Records contained in a dataset:
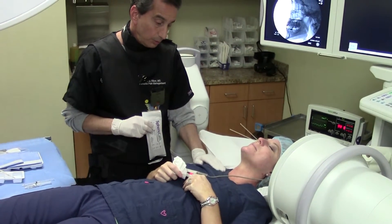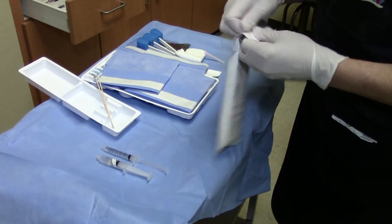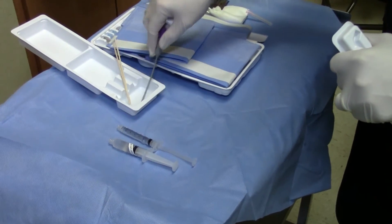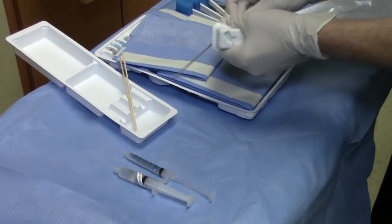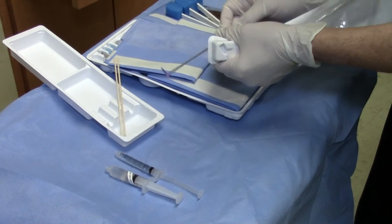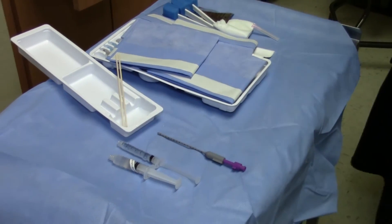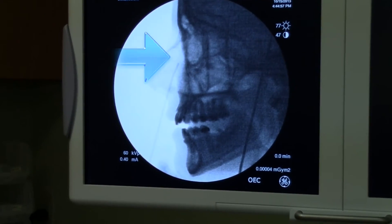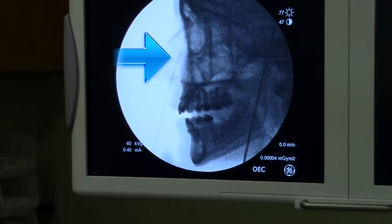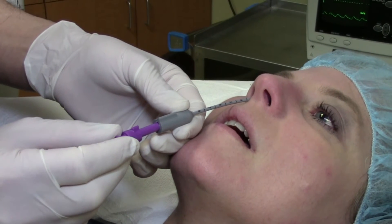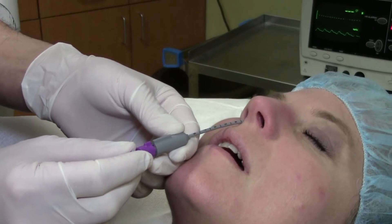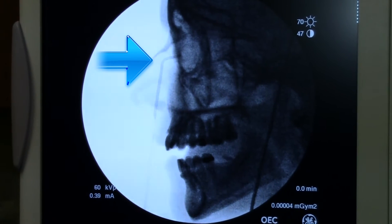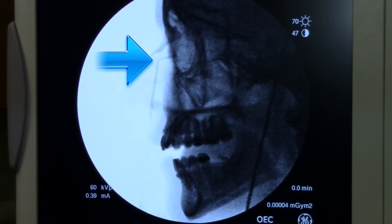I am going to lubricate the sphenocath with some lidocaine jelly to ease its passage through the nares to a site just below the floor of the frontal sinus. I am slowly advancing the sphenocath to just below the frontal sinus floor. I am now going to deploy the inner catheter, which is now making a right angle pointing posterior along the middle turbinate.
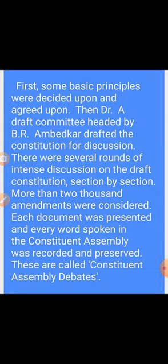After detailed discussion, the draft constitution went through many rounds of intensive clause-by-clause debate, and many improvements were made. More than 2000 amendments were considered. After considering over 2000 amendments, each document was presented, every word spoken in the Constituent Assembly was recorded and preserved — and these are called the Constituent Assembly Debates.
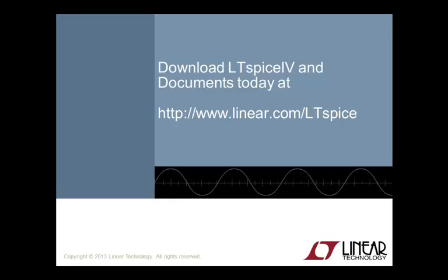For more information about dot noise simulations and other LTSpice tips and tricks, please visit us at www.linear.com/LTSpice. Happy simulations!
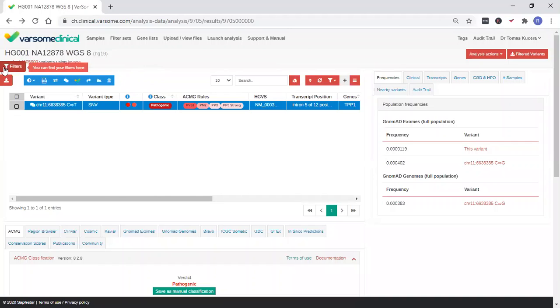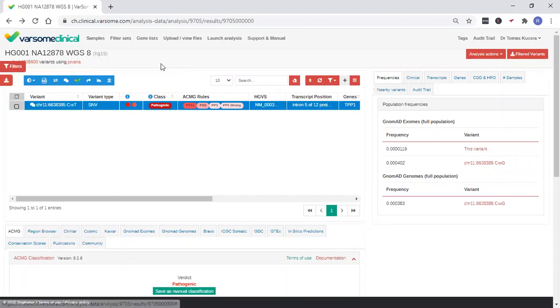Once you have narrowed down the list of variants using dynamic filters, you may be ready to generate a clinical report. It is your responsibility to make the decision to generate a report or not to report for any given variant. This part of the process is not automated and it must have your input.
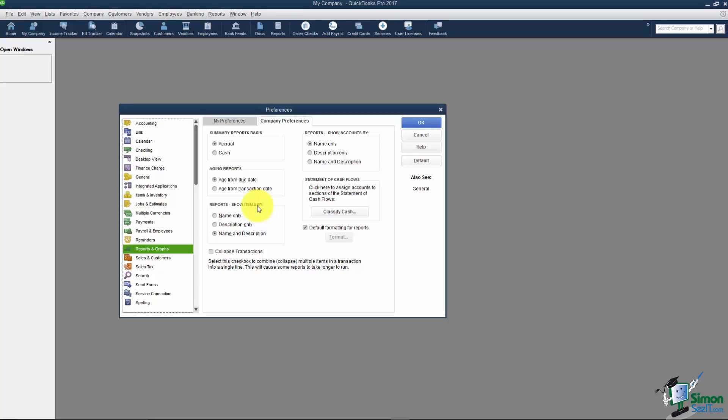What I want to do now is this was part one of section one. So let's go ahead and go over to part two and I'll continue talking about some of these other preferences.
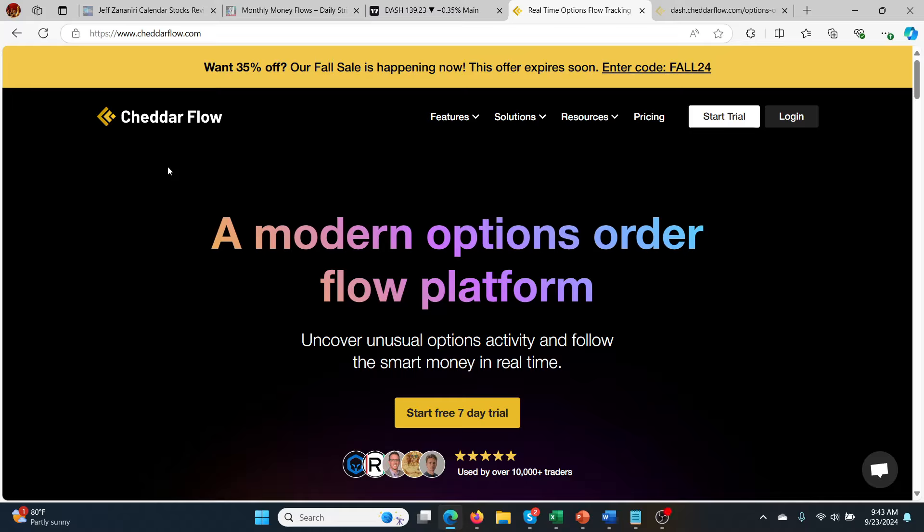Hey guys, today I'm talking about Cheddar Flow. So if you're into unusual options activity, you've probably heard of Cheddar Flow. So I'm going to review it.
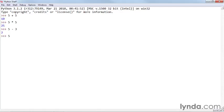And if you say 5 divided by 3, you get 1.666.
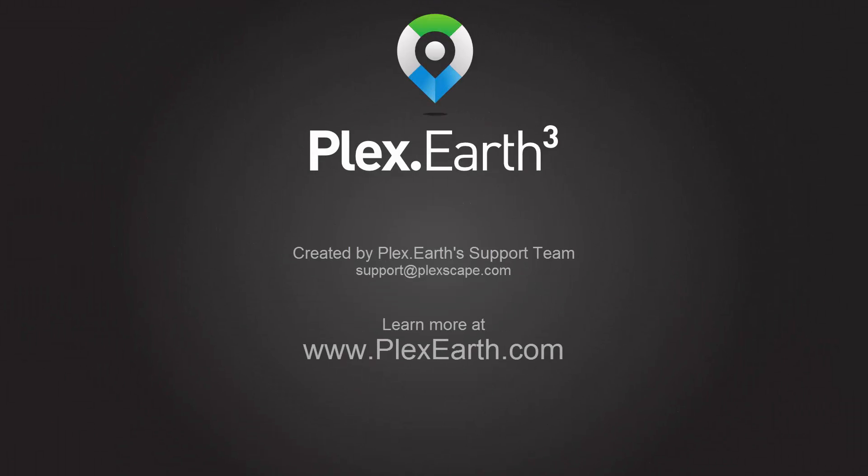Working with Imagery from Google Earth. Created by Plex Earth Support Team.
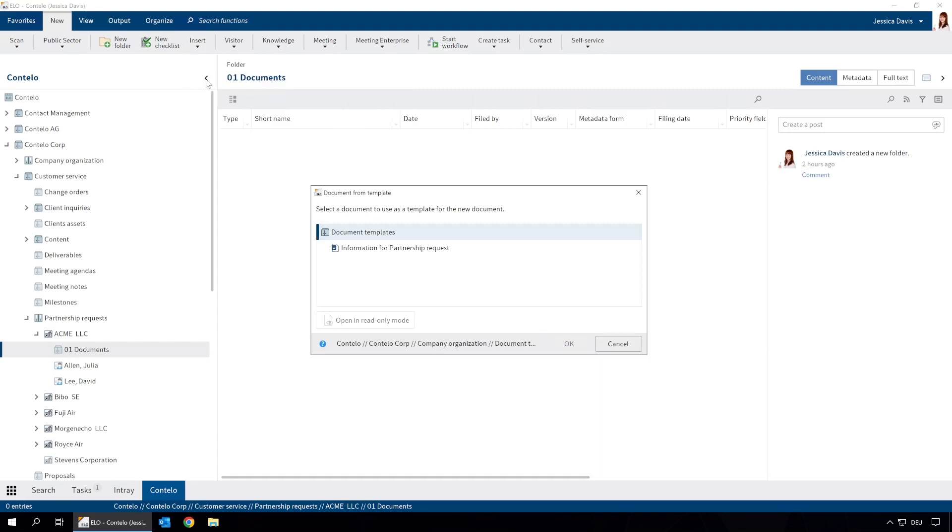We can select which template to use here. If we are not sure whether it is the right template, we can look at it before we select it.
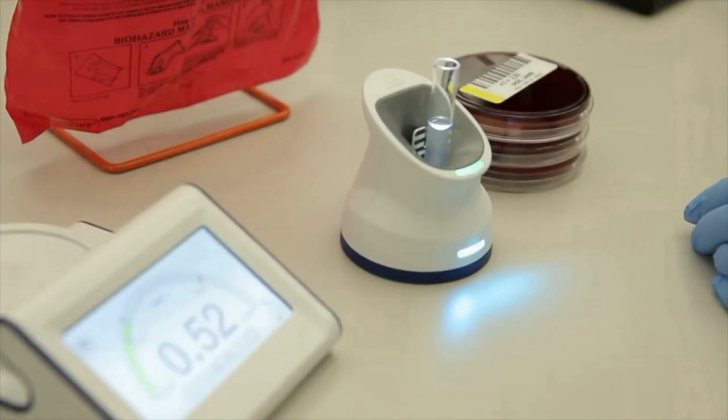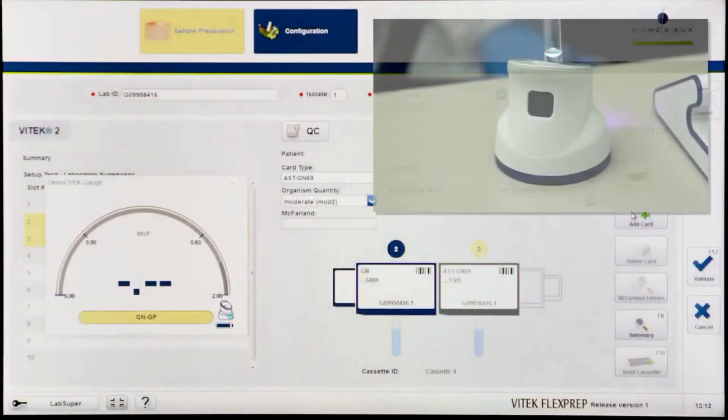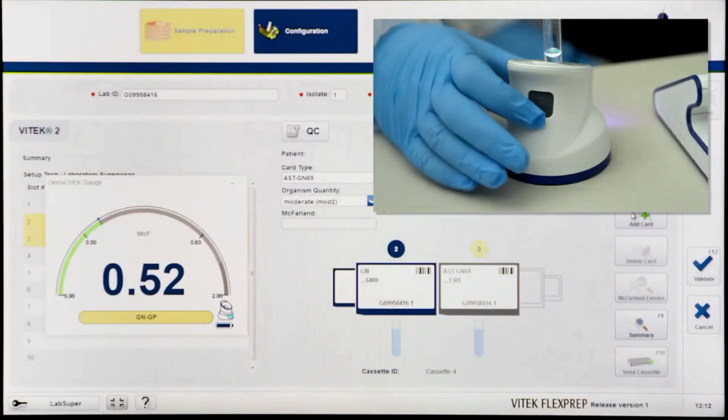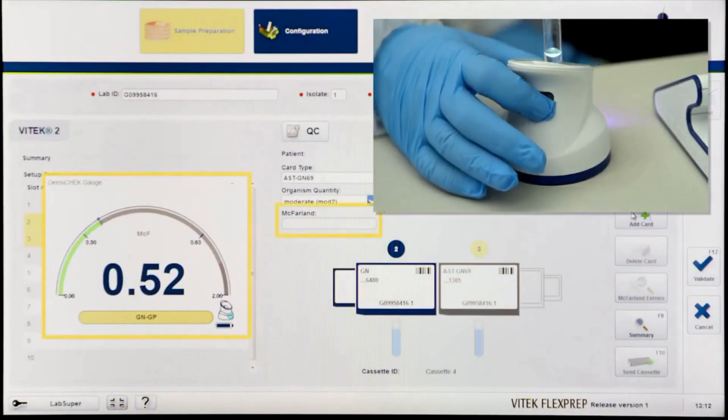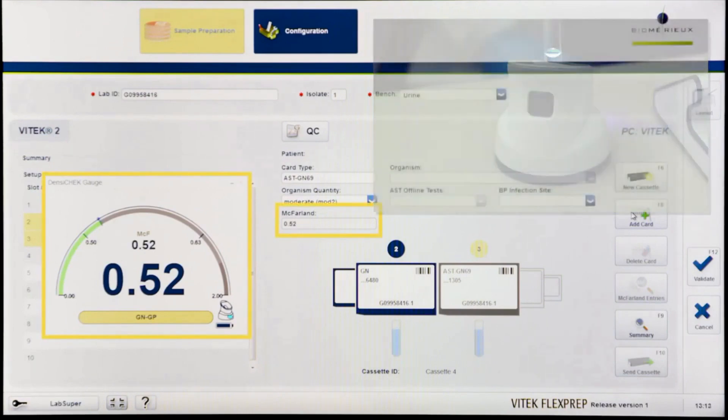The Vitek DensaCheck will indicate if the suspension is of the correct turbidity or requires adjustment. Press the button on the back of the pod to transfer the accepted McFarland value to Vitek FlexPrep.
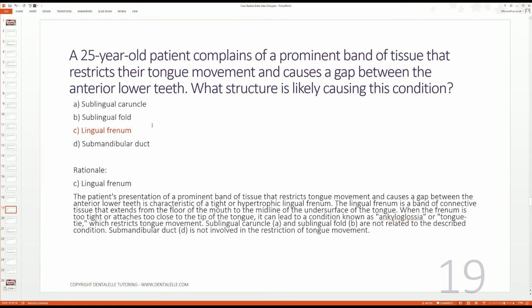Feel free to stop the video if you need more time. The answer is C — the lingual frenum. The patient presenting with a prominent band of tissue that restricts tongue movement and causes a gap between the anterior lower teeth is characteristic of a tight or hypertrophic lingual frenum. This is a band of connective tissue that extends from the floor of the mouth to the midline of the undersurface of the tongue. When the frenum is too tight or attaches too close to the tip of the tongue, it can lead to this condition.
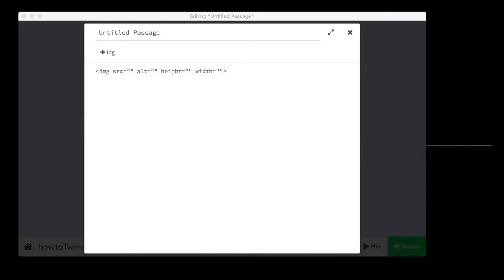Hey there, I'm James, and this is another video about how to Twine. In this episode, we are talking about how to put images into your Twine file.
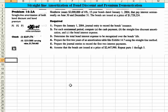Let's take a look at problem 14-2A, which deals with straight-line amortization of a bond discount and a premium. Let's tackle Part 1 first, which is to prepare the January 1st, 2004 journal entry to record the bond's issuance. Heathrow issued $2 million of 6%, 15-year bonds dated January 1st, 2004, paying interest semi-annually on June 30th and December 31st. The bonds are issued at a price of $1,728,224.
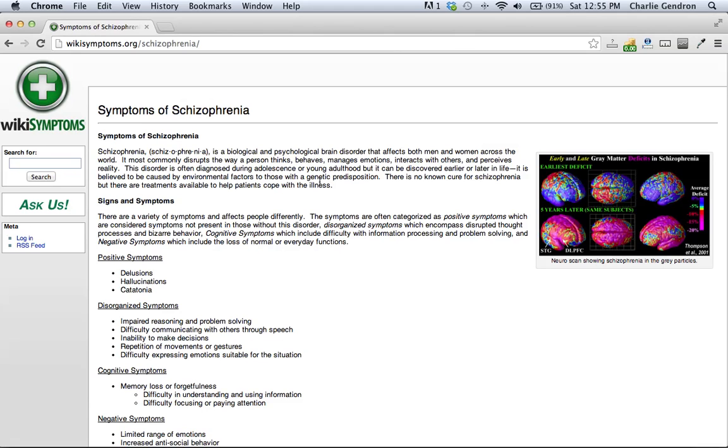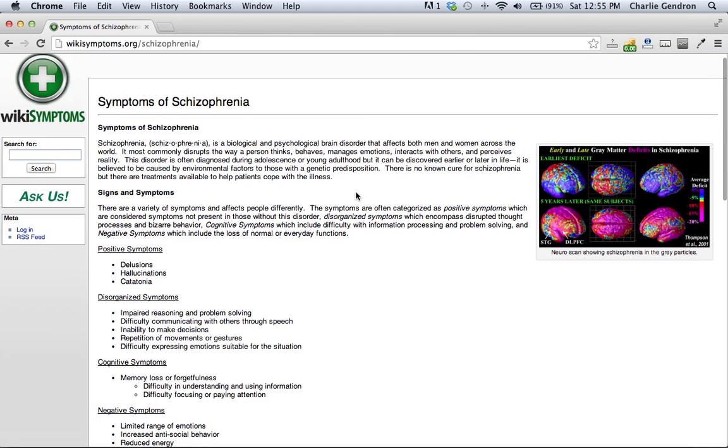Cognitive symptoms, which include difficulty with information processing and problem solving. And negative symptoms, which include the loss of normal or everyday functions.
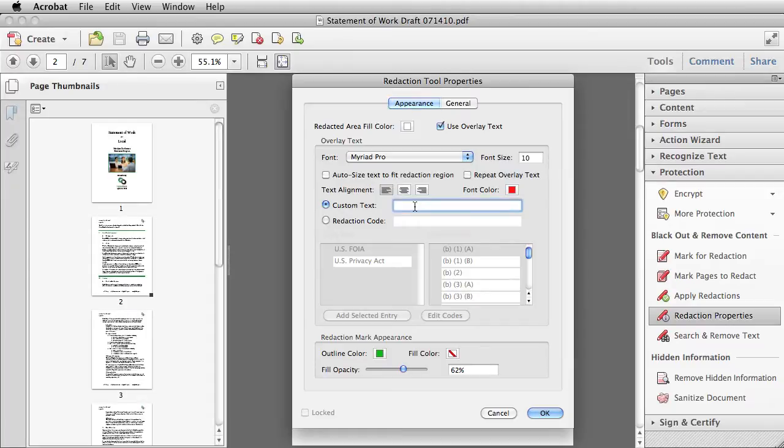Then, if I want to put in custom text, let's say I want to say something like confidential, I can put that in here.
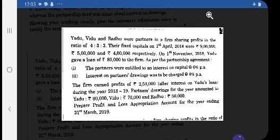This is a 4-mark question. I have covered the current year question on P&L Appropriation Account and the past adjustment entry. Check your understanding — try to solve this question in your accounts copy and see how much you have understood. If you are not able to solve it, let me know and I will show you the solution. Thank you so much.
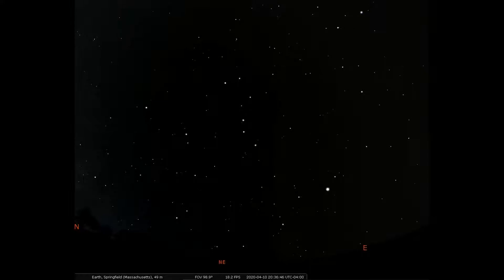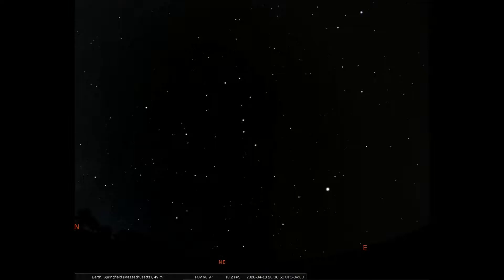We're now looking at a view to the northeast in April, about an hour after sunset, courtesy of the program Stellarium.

▸ Task to carry out:
Transcribe exactly, and only, the lines from the one with "This is a 4-mark" through the final line of the data above. The pictures stay out.

▸ Solution:
This is a 4-mark question. I have covered the current year question on P&L Appropriation Account and the past adjustment entry. Check your understanding — try to solve this question in your accounts copy and see how much you have understood. If you are not able to solve it, let me know and I will show you the solution. Thank you so much.
We're now looking at a view to the northeast in April, about an hour after sunset, courtesy of the program Stellarium.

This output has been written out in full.